FIG. 15 exemplarily illustrates a method for synthesizing a three-dimensional (3D) binaural sound from a sound emitted by sound sources positioned in different directions in a 3D space. The 3D sound processing application convolutes sound from multiple different directions with the head related impulse responses (HRIRs) or the head related transfer functions (HRTFs) 1501 a and 1501 b to generate 3D binaural sound. The terms HRIR and HRTF are interchangeable. The 3D sound processing application facilitates binaural sound reconfiguration. Binaural sound reconfiguration is a process of synthesizing the 3D binaural sound on a computing device 901 exemplarily illustrated in FIG. 9 and FIG. 33, based on the user's preference, whereby the user determines the 3D sound field of the played sounds. The sound tracks are obtained from the microphone array system 902 exemplarily illustrated in FIGS. 9-10 or from a studio. In the studio recording, each sound track represents, for example, one musical instrument or one singer's voice. In order to generate the 3D binaural sound, the 3D sound processing application convolutes each sound track from the microphone array system 902 or from multiple microphones 912 in a studio with a pair of

HRTFs

1501 a and 1501 b, representing the left ear and the right ear. Sound tracks are associated with a sound source location or the sound from a specific direction. For each sound direction in the 3D space, the simulator apparatus 300 measures a bank of

HRTFs

1501 a and 1501 b as disclosed in the detailed description of FIGS. 1-2, and stores the

HRTFs

1501 a and 1501 b in an HRTF database 908 exemplarily illustrated in FIG. 9.

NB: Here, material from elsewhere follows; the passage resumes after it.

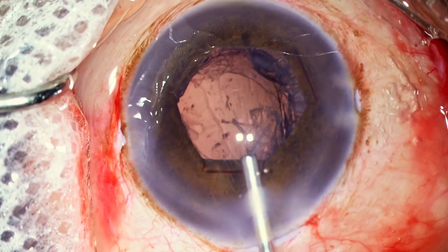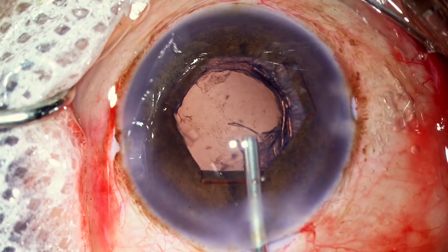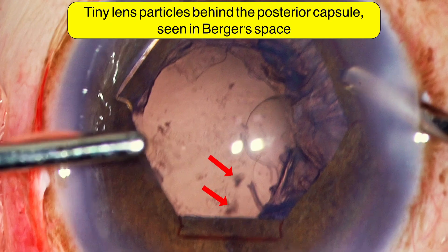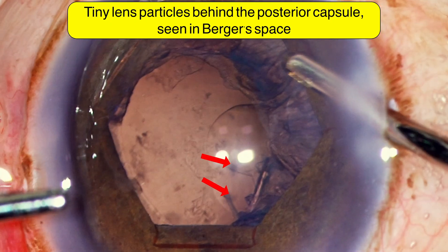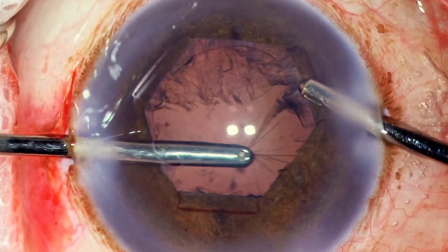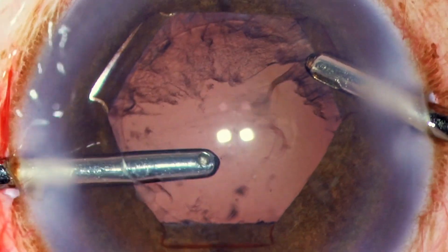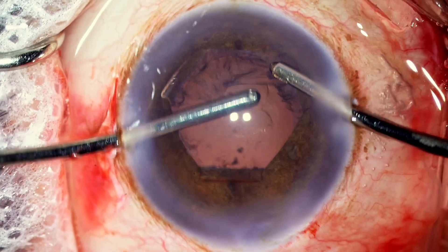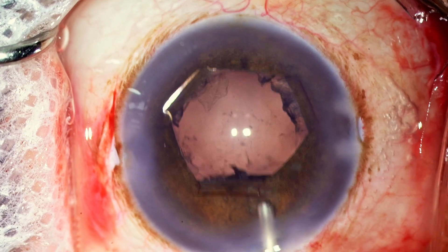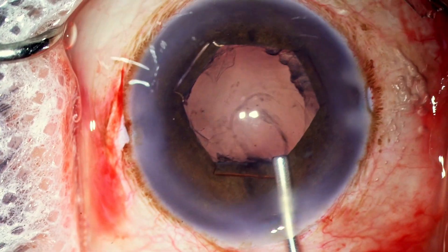The most important clue I would suggest looking for is those tiny particles floating around in the Berger's space — that should indicate that fluid has also got access, and there is always a risk of fluid misdirection happening. If I see that, I would always weigh toward fluid misdirection as the cause rather than suprachoroidal hemorrhage.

For multiple sound tracks, the 3D sound processing application adds the convoluted results together to generate the final synthesized 3D binaural sound. For example, with respect to music listening, when a user wants a sound track to come from one particular direction, he/she places the icon of the sound source on the corresponding location on a touch screen of his/her computing device 901 and the 3D sound processing application applies the corresponding HRTF for convolution. The user places the musical instruments on corresponding locations on the touch screen, where he/she prefers or imagines, and is able to enjoy the 3D binaural sound on a headset or the 3D surround sound on multiple speakers. The user can have the experience of either sitting in the front row or walking through the stage or sitting among musicians. The configurable 3D sound system 900 provides a user with a listening experience similar to the music experienced by the user surrounded by live instruments in a music hall.

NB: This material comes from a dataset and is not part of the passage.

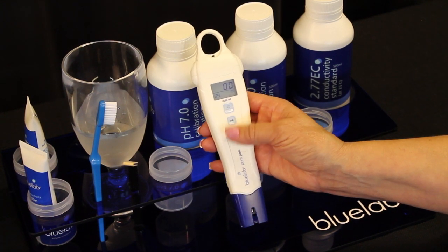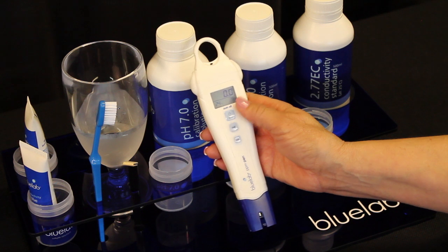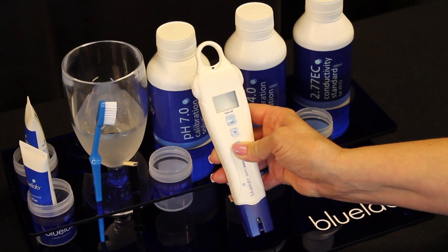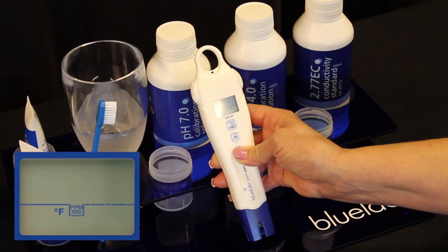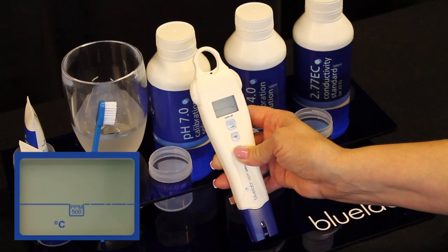Your Bluelab PPM pen has a units button which gives you the ability to change your meter to the settings you prefer. Hold down the units button until the screen starts to flash, then short press the units button to cycle through your settings. You can change it from reading EC to PPM 500 or PPM 700. You can also change it from Celsius to Fahrenheit.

FIG. 16 exemplarily illustrates an embodiment of the configurable three-dimensional (3D) sound system 900 for generating a three-dimensional (3D) binaural sound. The configurable 3D sound system 900 comprises the 3D sound processing application 1602 that acquires configuration information 1601 from a user. The configuration information 1601 comprises user selections of configurable parameters, for example, an azimuth, an evaluation, a distance, a trace of movement, etc., associated with multiple sound sources as disclosed in the detailed description of FIG. 7. The 3D sound processing application 1602 generates a configurable sound field that provides an interface to give the user the freedom of configuring the positions and movements of multiple sound tracks, in order to render a customized 3D binaural sound. The 3D sound processing application 1602 of the configurable 3D sound system 900 accurately places the acoustic sound source on the exact location that the user prefers using the head related transfer functions (HRTFs) from the HRTF database 908.

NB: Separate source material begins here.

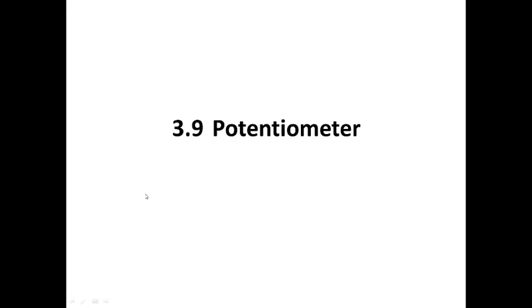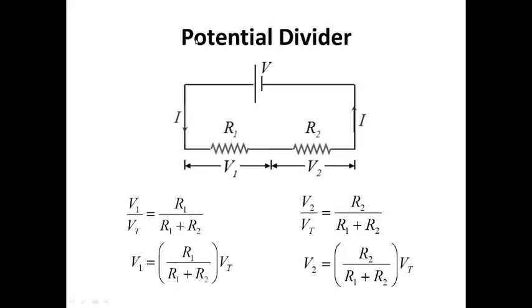Today we are going to learn about the potentiometer. The potentiometer is based on the concept of a potential divider. Here we have a big battery V and two resistors. Let's say the big battery is 100 volts, resistor R1 is 30 ohms, and resistor R2 is 70 ohms. V1 will be 30 volts and V2 will be 70 volts. The smaller the resistance, the smaller the voltage; the higher the resistance, the higher the voltage.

The configurable 3D sound system 900 allows a user the freedom to set the sound source locations for music playback instead of only providing the option to listen to a mixed multi-channel music. When a bank of accurate HRTFs are collected in the HRTF database 908, the process of mixing and synthesis introduces an additional factor as the location or spatial cue of different sound sources to obtain the 3D binaural sound. The 3D sound processing application 1602 allows a user to set the sources of each sound in a 3D field by processing the sound tracks through the HRTFs and then to enjoy his/her own style of the 3D binaural sound with regular headphones. The 3D sound processing application 1602 performs the computations exemplarily illustrated in FIG. 15. The configurable 3D sound system 900 therefore covers a full 3D hemisphere around the user, places the sound sources in a full 3D space, and simulates the movement of sound sources.

FIG. 17 exemplarily illustrates a configurable sound field 1700 generated by the three-dimensional (3D) sound processing application 1602 exemplarily illustrated in FIG. 16 and FIG. 33, showing a reconstruction of a scene of a concert stage at a music concert. FIG. 17 reconstructs the scene of the concert stage with four different musical instruments 1701, for example, a piano 1701 a, a cello 1701 b, drums 1701 c, and a guitar 1701 d, and a singer 1702. The scene depicts a user's 1703 sound listening experience from the front of the stage. The user can arrange the position of the four musical instruments 1701 and the singer 1702 on the stage in terms of angle and distance from the user 1703 on the configurable sound field 1700 generated by the 3D sound processing application 1602 via the graphical user interface (GUI) on the user's computing device 901 exemplarily illustrated in FIG. 9 and FIG. 33, to experience the 3D sound recording of a regular concert. The 3D sound processing application 1602 allows arrangement of the four musical instruments 1701 using separated channels of the musical instruments 1701 and corresponding head related transfer functions (HRTFs). As exemplarily illustrated in FIG. 17, the user 1703 has placed himself/herself on the concert stage in front of the music by entering his/her preference on the generated configurable sound field 1700 via the GUI.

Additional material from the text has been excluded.